Collected data:
====
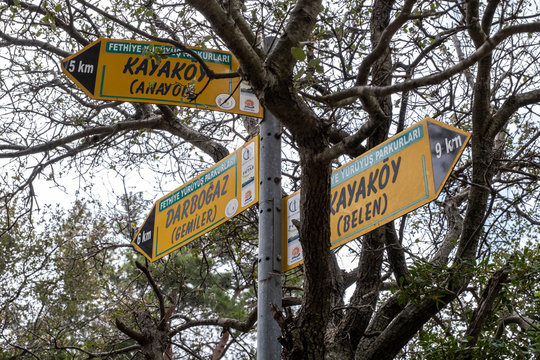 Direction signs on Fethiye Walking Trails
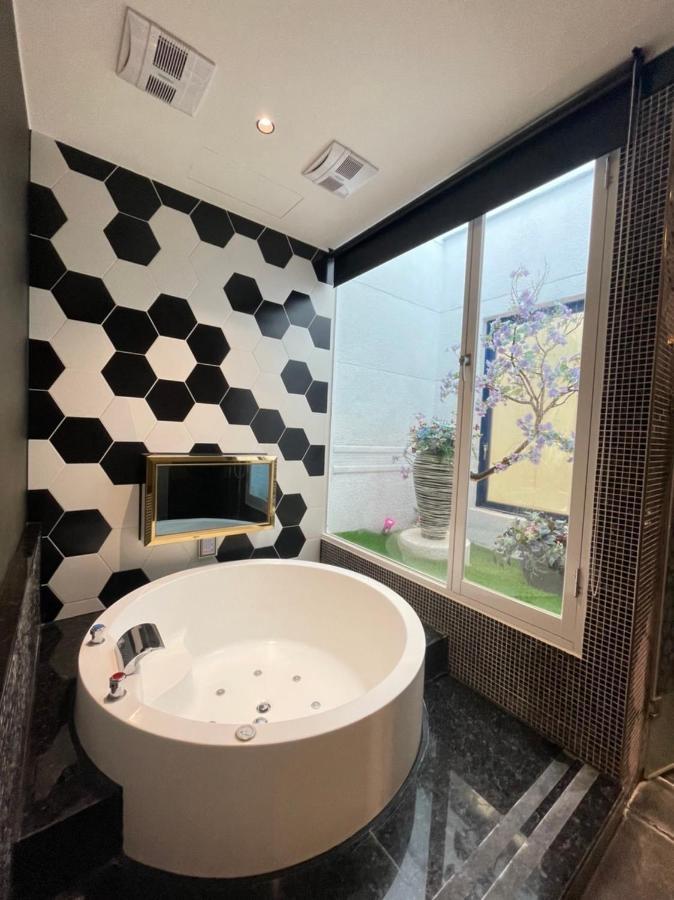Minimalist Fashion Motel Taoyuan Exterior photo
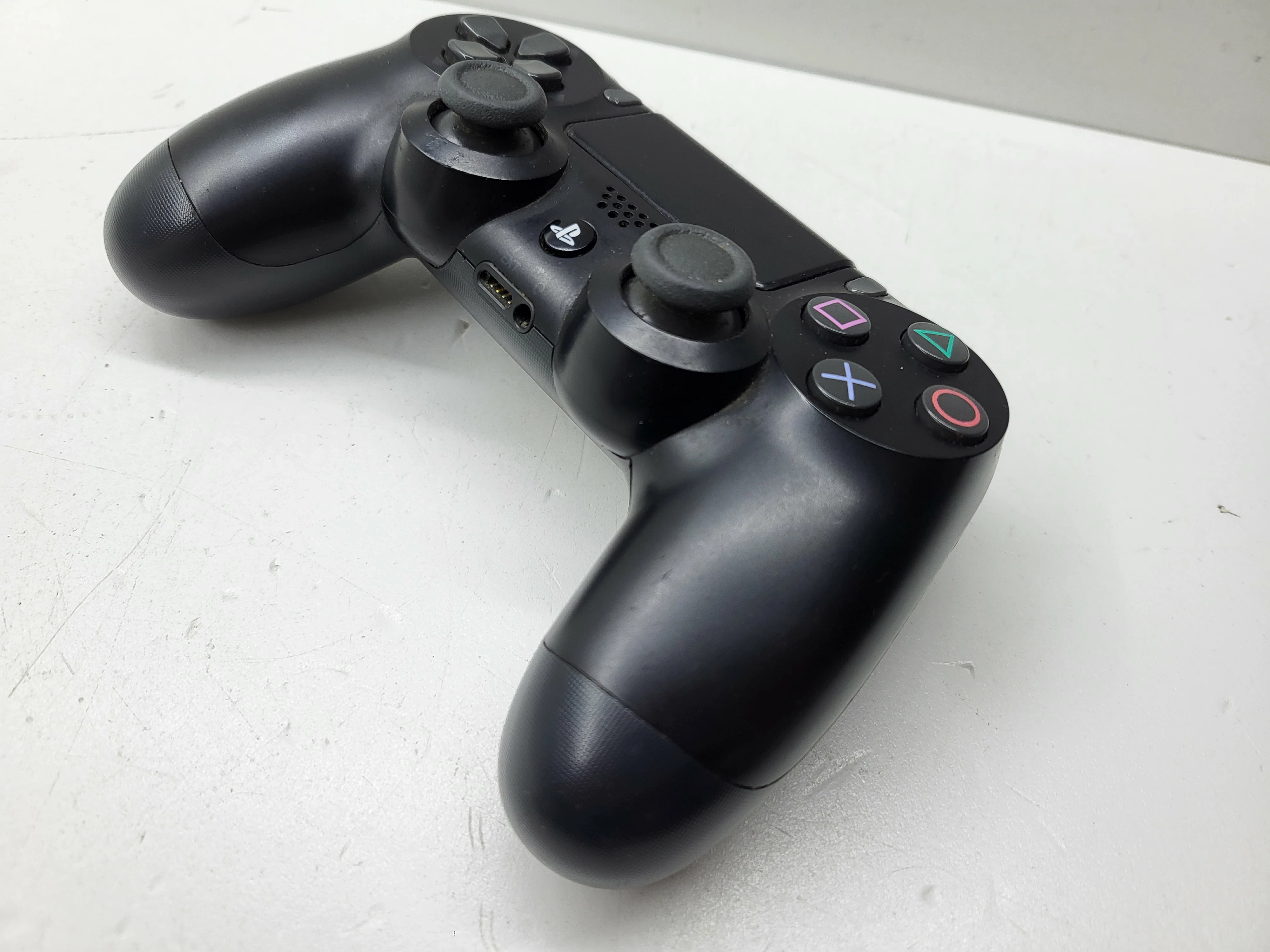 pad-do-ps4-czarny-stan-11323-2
====
Exercise goal: Repeat the listing exactly, pictures excluded.

Written response:
 Direction signs on Fethiye Walking Trails
Minimalist Fashion Motel Taoyuan Exterior photo
 pad-do-ps4-czarny-stan-11323-2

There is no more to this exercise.